A comunidade jurídica unanimemente se manifesta contrária ao projeto de
Código Penal que tramita no Senado Federal por proposta do seu presidente, José
Sarney. A reação à pretensão de se impor à Nação um Código Penal feito às
pressas, que atinge a segurança e a liberdade de todos, se fez imediata ao se
tomar conhecimento do texto.
Em seminário promovido pelo Instituto Brasileiro de Ciências Criminais
(IBCCrim), o maior encontro nacional de estudiosos do Direito Penal, foi lançado
manifesto com mais de 2 mil assinaturas. Nesse manifesto se acentuava o
preocupante uso de conceitos e termos jurídicos com impropriedade e o traslado
piorado de tipos penais da legislação esparsa.

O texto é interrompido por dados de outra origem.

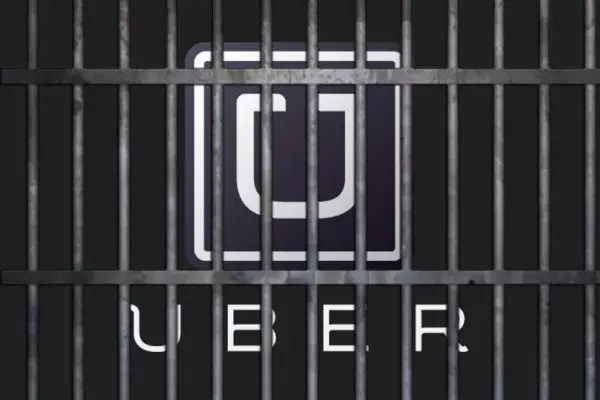 Uber 想用人工智能识别你是不是喝醉了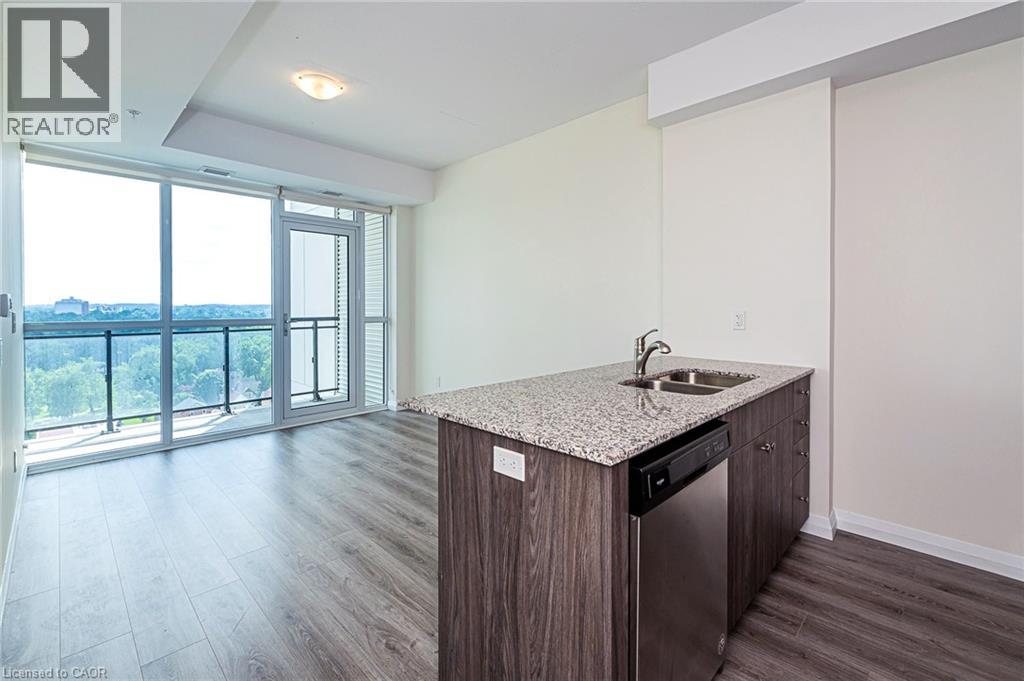 60 Charles Street W Unit# 1106, Kitchener, Ontario  N2G 0C9 - Photo 2 - 40848875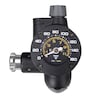 Airbooster G2 mit Manometer Co2 Dosierer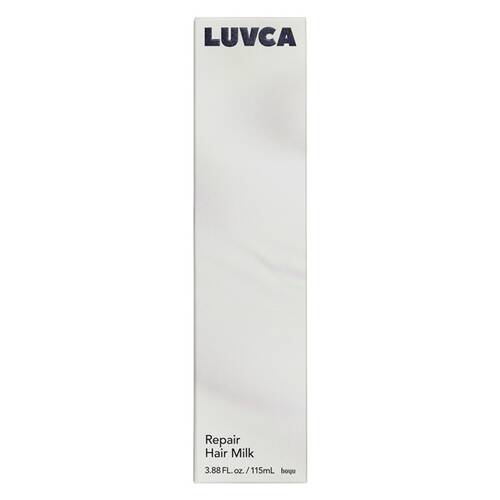 ラブカ　リペアヘアミルクサブ画像1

Em encontro promovido no Rio de Janeiro pela Escola da Magistratura e pelo
Ministério da Justiça, presentes penalistas de todo o Brasil, emitiu-se carta
aberta na qual se destacou a notável pobreza teórica do projeto, razão pela qual
se concluía pela radical negação da proposta como um todo.
Em Ato em Defesa do Direito Penal realizado dia 24 último no salão nobre da
Faculdade de Direito do Largo de São Francisco, 19 entidades, as mais
representativas do mundo jurídico, como a OAB federal, o Ministério Público de
São Paulo, a Defensoria Pública, o Instituto dos Advogados Brasileiros, a
Associação dos Advogados de São Paulo, bem como outras organizações que
congregam advogados ou promotores, lançaram nota ao Senado na qual se apontava
ser o projeto um conjunto normativo destituído de técnica jurídica, sem sistema
e com graves deficiências, seja ao conceituar institutos da teoria do crime (por
exemplo: tentativa, coautoria), seja ao criar tipos penais, concluindo-se haver
apenas um único caminho: sobrestamento de sua tramitação.
Todos, em uma só voz, se levantam contra o projeto, mas o Senado insiste em
manter a votação em prazo exíguo, com desculpas as mais esfarrapadas. À questão
de por que se ter realizado o trabalho em apenas seis meses, a resposta é: assim
determina o Regimento do Senado. Ao se indagar o motivo pelo qual não houve uma
comissão revisora, como sempre se deu ao longo do tempo com relação a
anteprojetos de código, a resposta é a mesma: o regimento do Senado não prevê
tal comissão.
Acima da prudência e do bom senso, elege-se o regimento como uma tábua
mandamental. A quem se deve responsabilizar pela prepotência de fazer o Senado
surdo e cego diante de tantos alertas e manifestos?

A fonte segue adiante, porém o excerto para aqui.